## Task prompt
Retype all of the listing exactly, with no pictures.

## Dataset extract
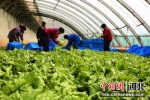 图为工人们采收球生菜。 徐海涛 摄 - 中国新闻社河北分社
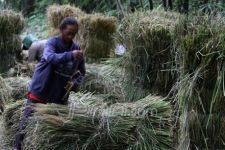 Ribuan Hektar Hutan Merapi Terbakar - JPNN.com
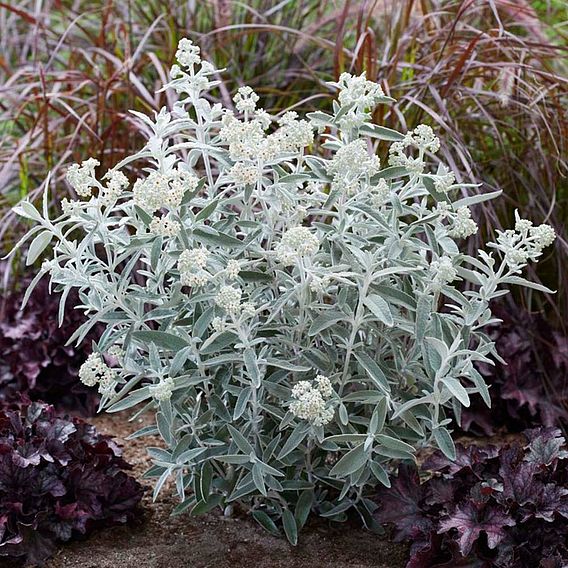 Buddleja 'Silver Anniversary'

## Solution to this problem
 图为工人们采收球生菜。 徐海涛 摄 - 中国新闻社河北分社
 Ribuan Hektar Hutan Merapi Terbakar - JPNN.com
 Buddleja 'Silver Anniversary'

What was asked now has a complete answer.